The previous summit, held in Stuttgart, West Germany, last June 17 to 19, acknowledged the crisis and agreed on four objectives for the Athens meeting:
* To reform the Community's budget system to gain firm control over spending.
* To resolve imbalances in the contributions Community members make to the EC budget, a problem that most concerns Britain, which has said it would veto any reform package that does not reduce its budget share.
* To reduce agricultural spending, which absorbs more than two-thirds of Community resources and has been spiraling out of control in recent years.
* To increase the EC's own resources to allow for the admission of Spain and Portugal and to finance new programs that will ''relaunch the Community.''
''It was not Athens that was a step back, it was Stuttgart, because we put too many things on the fire,'' Italian Prime Minister Bettino Craxi asserted.
The summit began Sunday in an atmosphere of subdued optimism after the French put forth a major proposal designed to control Community spending, thus moving closer to the hard-line stance of Britain and West Germany.
The mood rapidly changed as the meeting became mired in disputes over the agenda, and the various delegations demonstrated little will to compromise on the larger questions. Instead they haggled over details that affected them most.

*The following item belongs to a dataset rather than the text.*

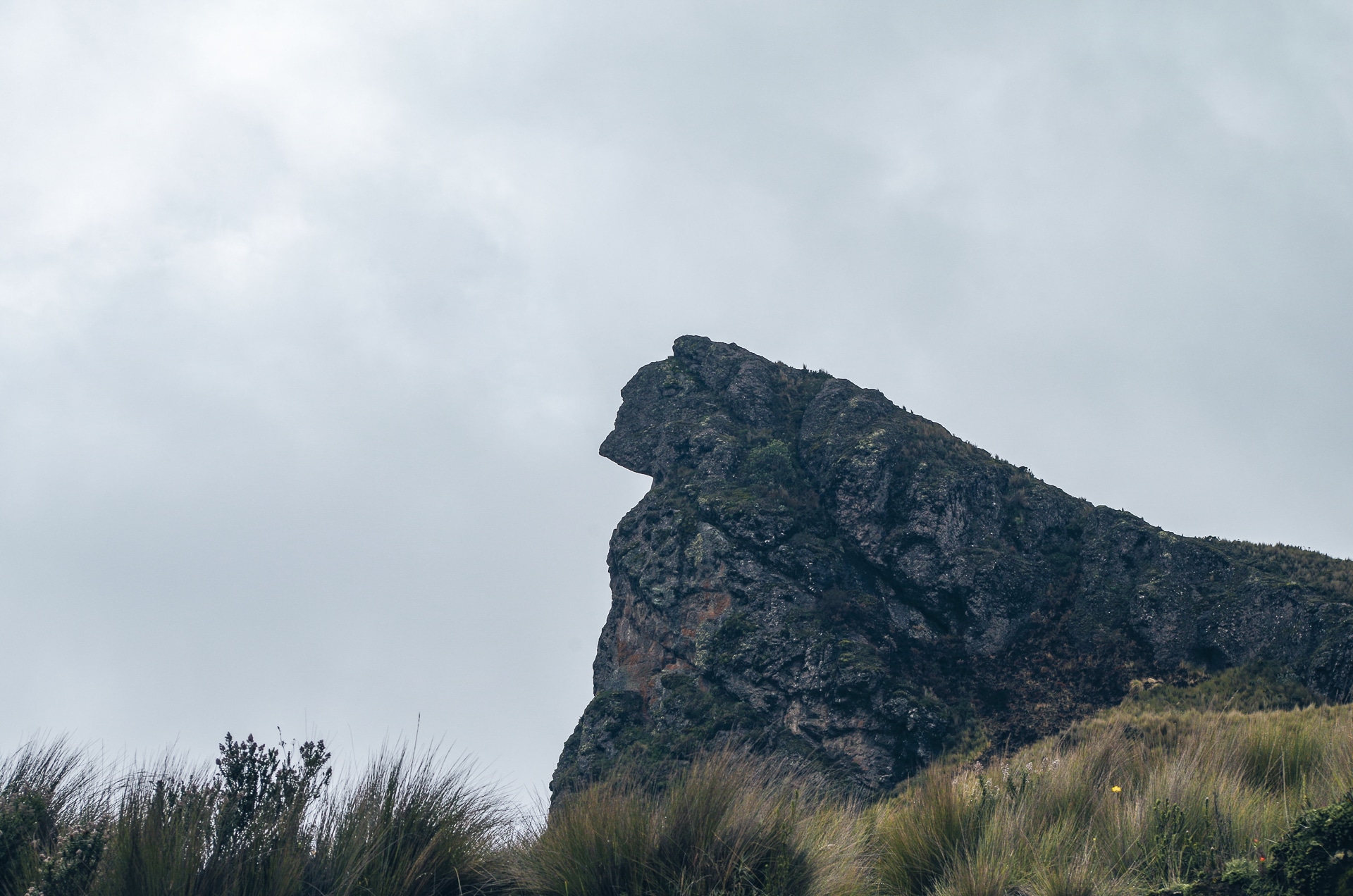 visage inca sculpté dans la roche en Equateur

As early as Monday afternoon, reports began to filter out of the conference room of a major clash between French President Francois Mitterrand and British Prime Minister Margaret Thatcher.

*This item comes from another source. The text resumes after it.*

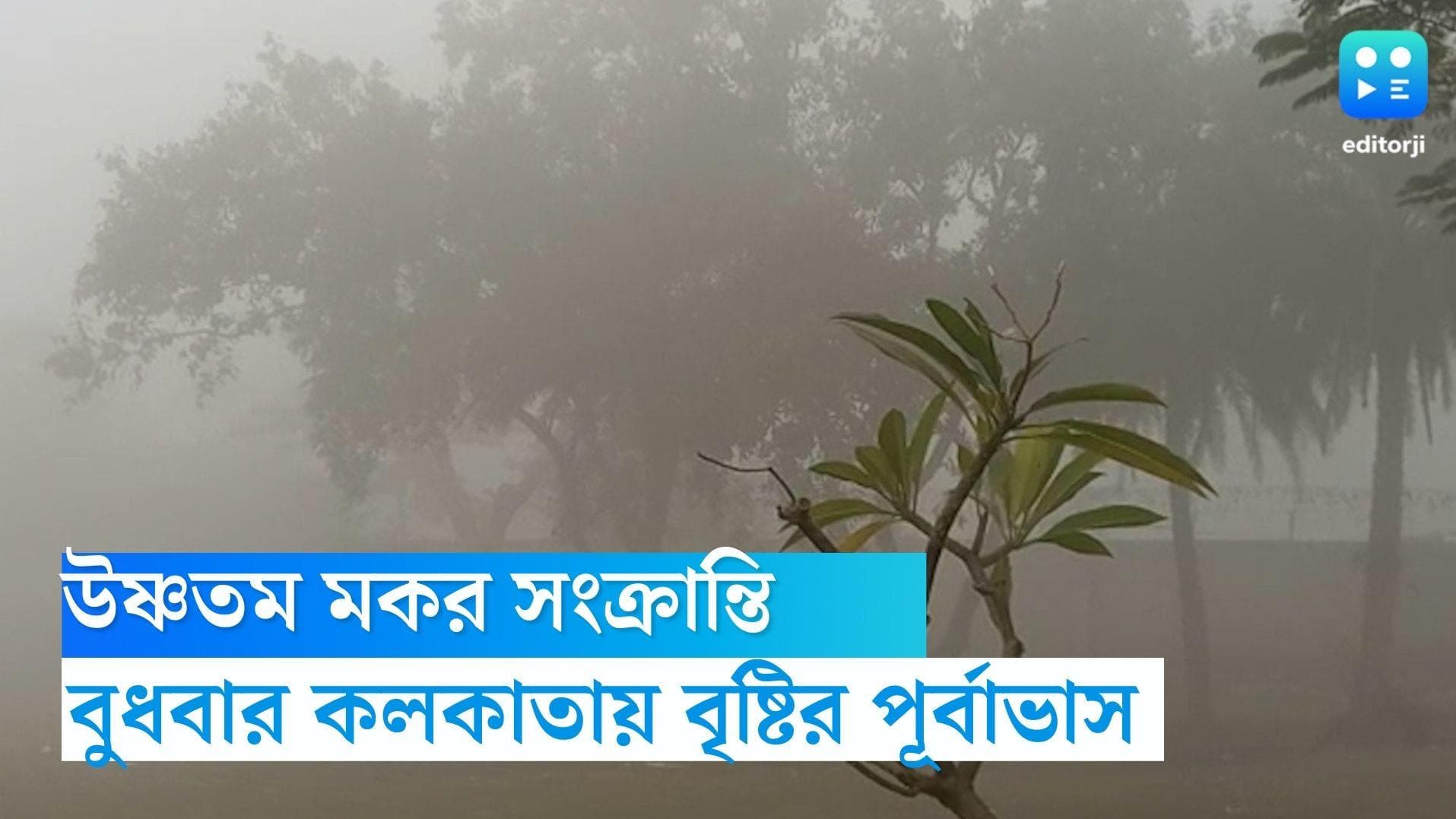 Kolkata Weather Update: মকর সংক্রান্তিতে 'গরম', কুয়াশার চাদরে ঢাকা তিলোত্তমা, ঝেঁপে বৃষ্টির পূর্বাভাস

According to these reports, Mr. Mitterrand had become tired of what he viewed as a lack of British flexibility and told Mrs. Thatcher she had begun to ''tire your audience,'' but that France would not accept any agreement out of exhaustion. He then allegedly reminded her that France had won the 100 Years War.

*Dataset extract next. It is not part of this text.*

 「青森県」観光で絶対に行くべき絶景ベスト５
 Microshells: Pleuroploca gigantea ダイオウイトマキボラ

According to one source, a member of the British delegation immediately responded that Napoleon probably thought the same thing before the battle of Waterloo.
The resulting crisis of the EC should not be underestimated. The Community does not have enough money to cover this year's expenses, and the European Parliament may refuse to pass this year's supplementary budget to protest the failure in Athens.
The Community will face an even more acute problem in 1984 as agricultural costs continue to mount. Spain and Portugal, which recently expressed frustration at having to wait so long to join the Community, had hoped the deadline to their accession would be set in Athens. Now they will have to wait even longer.
In a period of extreme international tension, of a near breakdown in US-Soviet communications, of acute West European economic crisis, and of growing doubts about the reliability of Western Europe's security cooperation with the United States, the failure in Athens can only increase political uncertainty in the West.
France, often a major obstructionist in past EC deliberations, has emerged as one of the few countries to make a major effort at compromise. It will have to redouble its efforts if it is to save the Community.
On Tuesday Mitterrand asserted that France would do everything in its power to reach a quick compromise and would use elements of proposals already on the table as a starting point for discussions.
This year's deficit can be covered in the 1984 budget, but EC experts say the Community's resources will run out well before year's end. Thus, there was talk of holding the next EC summit, scheduled for June, as early as March, but only if enough progress has been made to warrant such a meeting.